You either work on the basis that 99% of current freelancers are people that would have been Sch D self employed before S44-7 but had to incorporate, or that they have always been employees of whoever they are working for at the moment.

IR35 is a politically motivated tax, dreamt up by Dim Prawn in a frenzy of left-wing righteousness. It is nothing to do with employment status and never has been. If she hadn't chosen to use employment characteristics as the measure of liability but gone with something more proerly defined, we wouldn't be having this discussion.

I'm afraid I will not accept that because of the badly flawed tenets of IR35 that I should assume I am a employee, disguised or otherwise. At worst I am a self employed worker with an unnecessary trading vehicle. And I can find roughly 18,000 other people (at least!) who would agree with me.

As for the P35 questions - where is this flood of skilled tax inspectors going to come from to try and recover the comparatively tiny amount of money IR35 represents? They haven't got enough to meet their current workload...
Your first paragraph is a combination of idealism mixed with distorted fact.

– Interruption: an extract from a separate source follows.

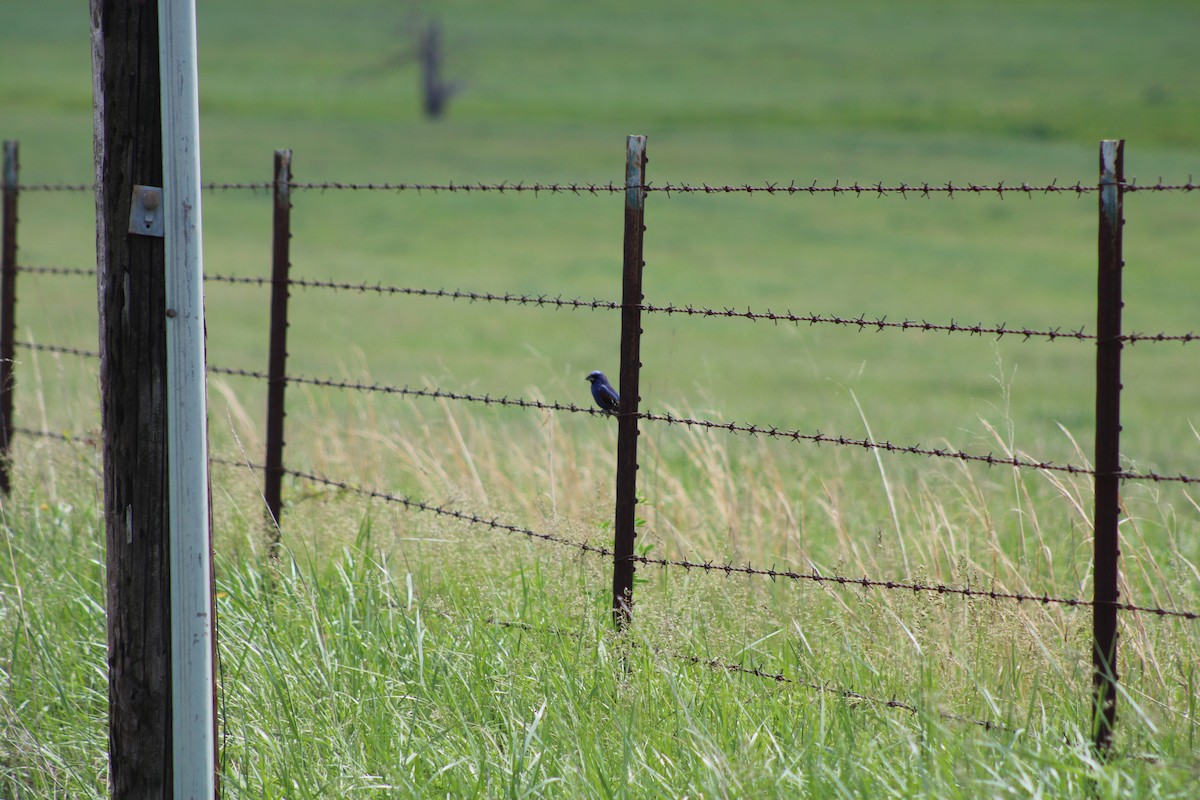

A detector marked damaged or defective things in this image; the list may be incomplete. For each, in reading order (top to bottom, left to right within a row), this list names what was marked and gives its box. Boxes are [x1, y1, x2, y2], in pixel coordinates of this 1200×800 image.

rusty barbed wire [18, 178, 1200, 195]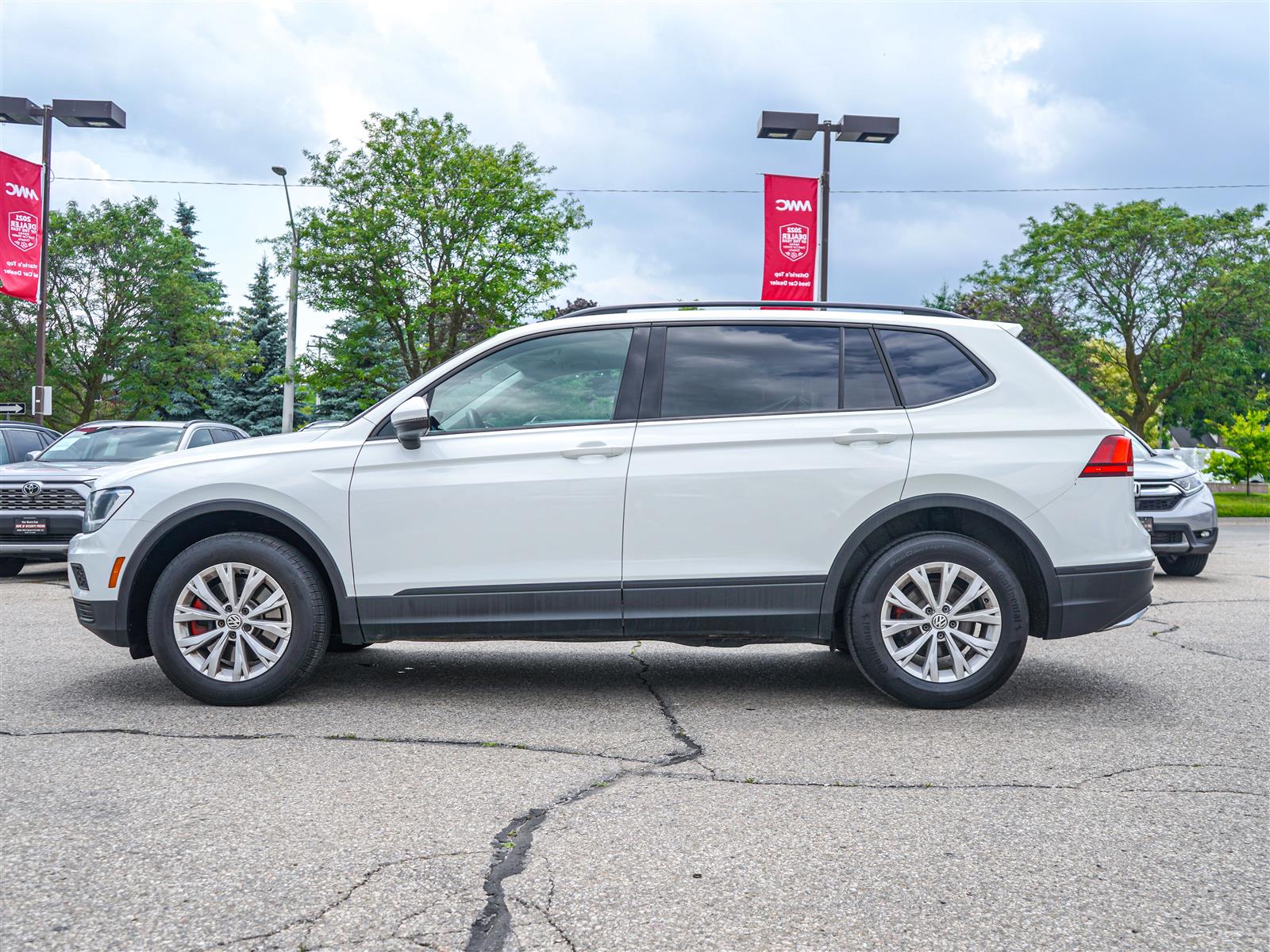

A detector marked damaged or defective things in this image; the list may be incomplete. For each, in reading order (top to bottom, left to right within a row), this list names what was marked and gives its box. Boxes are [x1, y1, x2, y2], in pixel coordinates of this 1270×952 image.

crack in pavement [0, 731, 670, 766]
crack in pavement [467, 644, 706, 952]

Unfortunately, the law doesn't work that way.

On your second point: again it is based on idealism that implies that shoulds + oughts = therefore I am. Again, the law doesn't work that way. I can very well guess where that 18,000 comes from.

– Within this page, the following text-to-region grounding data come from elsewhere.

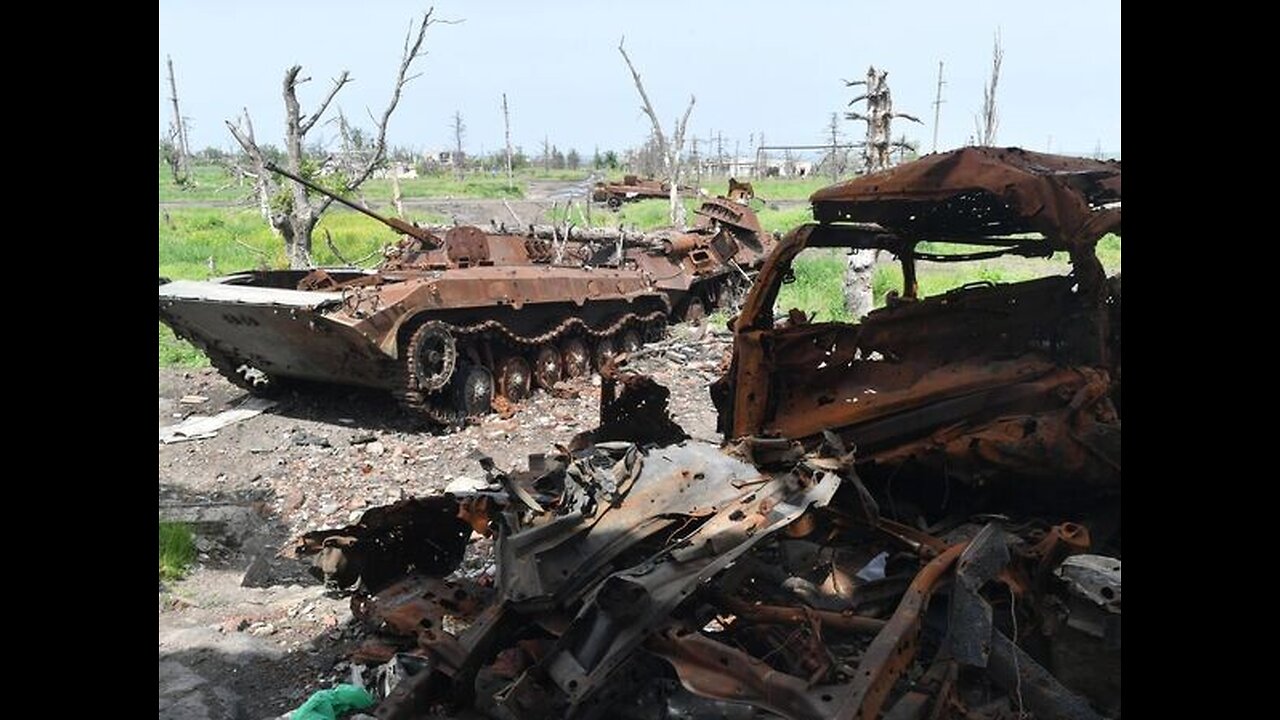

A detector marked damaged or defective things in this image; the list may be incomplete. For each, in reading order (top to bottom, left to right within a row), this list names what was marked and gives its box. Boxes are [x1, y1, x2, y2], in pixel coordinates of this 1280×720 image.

destroyed bmp infantry vehicle [154, 169, 764, 424]
rusted metal wreckage [152, 169, 768, 424]
damaged utility pole [616, 35, 696, 228]
damaged utility pole [840, 67, 920, 320]
destroyed bmp infantry vehicle [288, 149, 1120, 716]
rusted metal wreckage [290, 148, 1120, 720]
burned-out car [290, 148, 1120, 720]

On your third point: it's not about bringing in a greater volume of inspectors, it's about HMRC using existing resources more carefully to target contractors with greater precision. That's why they incorporated Q6 in the first place. If it was about increased volumes of inspectors, they wouldn't have bothered including it.

I think it's also important to point out that duty of care is essential when assessing your IR35 status. Without it, an IR35 ruling could cost you a denied insurance claim as well as extra tax and NICs that could mount up if the underpayment of tax is left undetected for six years. Contractors sometimes think that insurance is all they need to think about. It's not. Far from it.

My approach to answering queries like this is based on the facts and to express caution - not about presenting ideals as facts and resorting to denial. That's what these BN66 petitioners did when they took on offshore schemes - and now, it seems, they will be paying the price. No doubt they heard lots of testimonials from peers claiming that they were silly, or foolish not to take advantage of these schemes. After all they were legal - tax avoidance is legal ...blah blah...

Whether I agree with your idealistic stance is neither here or there. I do, as it happens. But that's not the point. Telling contractors what they want to hear and not what they need to know is not, in my opinion going to help them! That over-optimisic approach won't carry any weight with a tax tribunal either. Although, I try not to be too pessimistic (which is the downside to my approach) I try not to be - hence my latest substitution article that adds an unusual twist on the reasonabe unfettered right of substitution issue. If that's not written with a note of optimism, I'd like to know what is.

My approach is to encourage contractors to think and act responsibly and to think ahead, based on the wider evidence as I see it and how this government tends to operate (the PCG stats on wins and losses, which I think are largely irrelevant, even if they are encouraging is narrow and distorted). Not to encourage them to not worry over nothing by criticising the government's absurd reasons for bringing in and applying IR35 based on woolly self employment tests that aren't defined in law. That kind of approach is not going to be a lot of use to anyone undergoing an IR35 investigation when Hector does come and back to bite them on the bum later on.

I'm don't think we fundamentally disagree about that many issues. It's clear to me that you have your head screwed on when it comes to understanding business-like practices. That's a good thing. I think we just clash on approach and emphasis more than anything else.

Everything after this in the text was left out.